On our arrival at the tomb, I discover that things may not be as quiet as I imagined. It seems that the Copts will be celebrating the Divine Liturgy at the same time as the Armenian Badarak. This simultaneous celebration is quite deliberate, part of the formal arrangement known here as the status quo -- the long since negotiated settlement for the way things are done at the holy places in Jerusalem.
The status quo was formalised in 1852, and it is reflected in the triumvirate that governs the Holy Sepulchre. It is intended to keep the peace and protect the interests of the primary stake holders in the Christian community.
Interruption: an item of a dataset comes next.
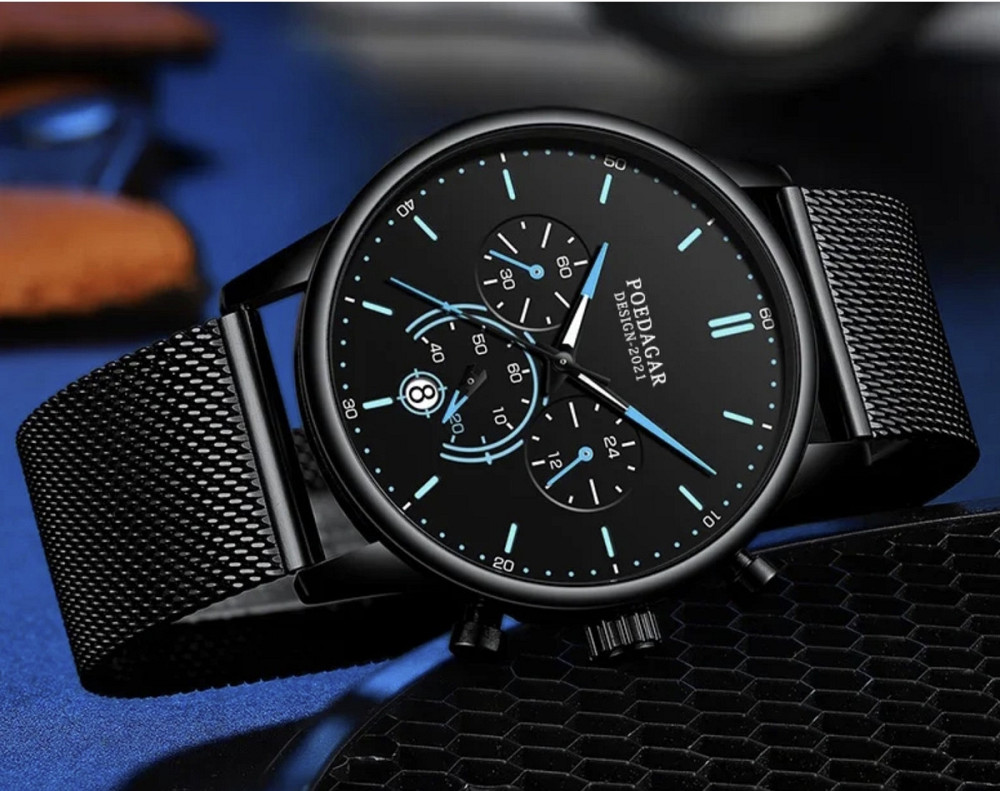 Годинник чоловічий наручний Poedagar Misto Gravy Black (2 ремінці) Вінниця - фото 3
Under the status quo at the Virgin's Tomb, there can only be two scheduled blocks of time for the daily celebration of the Divine Liturgy, one for the Greeks and one for the Armenians. To add a third block to accommodate another tradition, the Copts for instance, would be considered a violation of the status quo.
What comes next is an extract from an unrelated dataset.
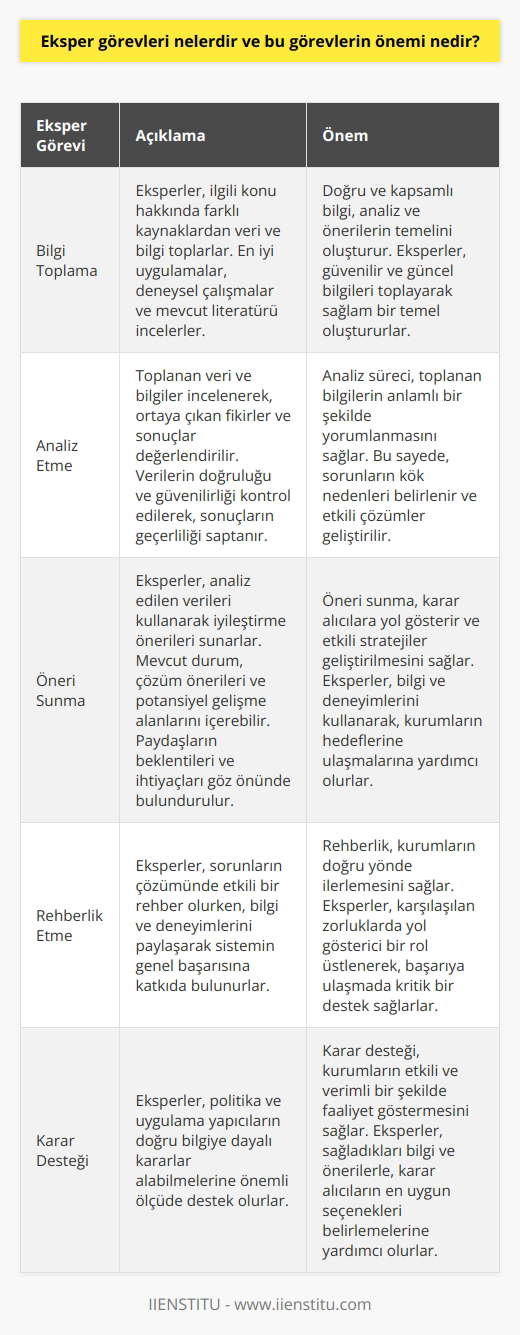 Eksper görevleri nelerdir?  Eksperler, bir konu veya sorun üzerine derin bilgi ve deneyime sahip kişilerdir. Eksperlerin temel görevleri arasında bilgi toplama, analiz etme ve öneri sunma süreçleri yer almaktadır. Aşağıda eksperlerin sorumlulukları hakkında daha fazla bilgi verilmektedir.  Bilgi toplama  Eksperler, ilgili konu hakkında verilere ve bilgilere ulaşarak farklı kaynaklardan veri toplarlar. Bu süreçte eksperler, alanlardaki en iyi uygulamaları, deneysel çalışmaları ve mevcut literatürü incelemek zorundadırlar.  Analiz etme  Toplanan veri ve bilgiler eksperler tarafından incelenerek, ortaya çıkan fikirler ve sonuçlar değerlendirilir. Bu değerlendirme sürecinde eksperler, verilerin doğruluğunu ve güvenilirliğini kontrol ederek, elde edilen sonuçların geçerliliğini saptarlar.  Öneri sunma  Eksperler, analiz edilen verileri kullanarak iyileştirme önerileri sunarlar. Bu öneriler mevcut durumu, çözüm önerileri ve potansiyel gelişme alanlarını içerebilir. Önerilerin sunulması sürecinde eksperlerin paydaşların beklentilerini ve ihtiyaçlarını göz önünde bulundurması önemlidir.  Eksper görevlerinin önemi nedir?  Eksper görevlerinin önemi, objektif ve doğru değerlendirmeler yapabilmek ve güvenilir önerilerle karar alıcılara yardımcı olabilmektir. İyi bir eksper, sorunların çözümünde etkili bir rehber olurken, aynı zamanda bilgi ve deneyimlerini paylaşarak sistemin genel başarısına katkıda bulunur. Ayrıca, eksperler politika ve uygulama yapıcıların doğru bilgiye dayalı kararlar alabilmelerine de önemli ölçüde destek olurlar. Eksperlerin görevleri, hedeflenen sonuçları elde etmek için etkili bir yol haritası sunarak, organizasyonların performansını artırmada kritik öneme sahiptir. Bu nedenle, eksper görevleri ve süreçleri doğru şekilde yerine getiren kritik öneme sahip durumlarda büyük etki sağlar ve başarılı sonuçlar elde edilmesine yardımcı olur.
Therefore, the only way the liturgies of the other orthodox traditions (Russians, Rumanians, Copts, Syrians ...) can take place at the Virgin's Tomb is by piggy backing, or the celebration of a liturgy simultaneously with one of the status quo stake holders. The Russians and Rumanians would join the Greeks for their celebrations of the liturgy; and the Copts and Syrians join the Armenians.
So it is that Wednesday and Friday mornings, every week, year round, the Copts celebrate the Divine Liturgy at the Tomb of Mary the Virgin, in the time slot reserved for the Armenian Badarak; and on Wednesday mornings, things get really interesting when the Syrians join in to make a trio of simultaneous celebrations, each with its own language, music, and liturgical gesture.
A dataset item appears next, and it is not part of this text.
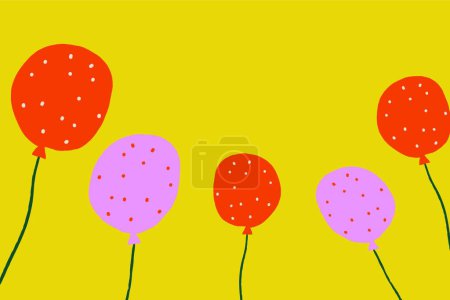 Téléchargez les illustrations : Fond abstrait avec des ballons colorés - en licence libre de droit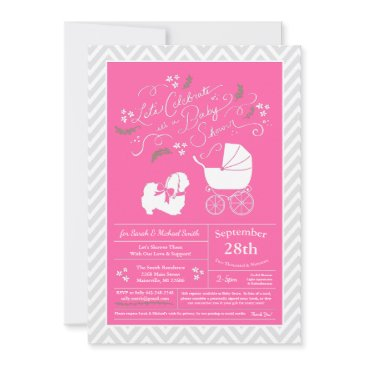 pekingese dog baby shower girl pink invitation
These celebrations take place in a single room with several altars. The space is not all that large really, and the blend of sights and sounds during this morning's simultaneous liturgies is "interesting" ... to say the least.
When we arrive at the Virgin's Tomb this morning, the Copts are robed and waiting at the altar reserved for their use. To avoid evoking the ire of the Greek community -- and there are a couple Greek monks around keeping an eye on things -- the Copts must wait for the Armenian Badarak to formally begin before launching into their own liturgy. From then on, the two liturgies keep pace, using pretty much same framework, but the Coptic liturgy must conclude either at the same time or slightly before the final notes of the Armenian Badarak.
Click here for a video (26MB) from this morning's simultaneous celebration of the Divine Liturgy. It gives you an idea of the combined result. The movie was filmed during the censing, at the opening of the Armenian and Coptic liturgies -- note how the Armenian celebrant, Fr. Emmanuel pays a call on the Copts during his turn at censing.
As if the simultaneous celebrations didn't confuse things enough, several tourist groups come and go during the liturgies as well.
In the picture above, the Coptic celebration is going on behind the group of tourists, and the Armenian in front. The Copts and Armenians seem very relaxed about all of this, clearly leaving room for the come and go of pilgrims is also part of at least the informal status quo.
Sometimes this does get a bit strange, however. For instance the gentleman pictured below (centre right) decides to take a short cut straight across the Armenian sanctuary, right in the middle of the Badarak, to get to the door of small inner shrine (lower right corner), the actual site of the Virgin's Tomb, even though it is still being used for the Armenian liturgy.
Yet, despite the seeming confusion this morning, there is something remarkable about the Virgin's Tomb and the liturgies taking place here today. Fr. Emmanuel kindly invites me to join him in the inner shrine, to stand beside him at the altar erected over the stone slab where the body of Mary is believed to have been laid. Here, thanks in part to the muffling effect of the thick stone walls of the tiny shrine, all is calm, all is bright.
Following the Badarak, Fr. Emmanuel joins his Coptic counterpart for an exchange of Eucharistic breads left unused in the simultaneous liturgies this morning. The two are good friends, and this is not the first time they have celebrated the Divine Liturgy at either end of the Armenian chapel at the Tomb of the Virgin Mary, nor is it likely to be the last.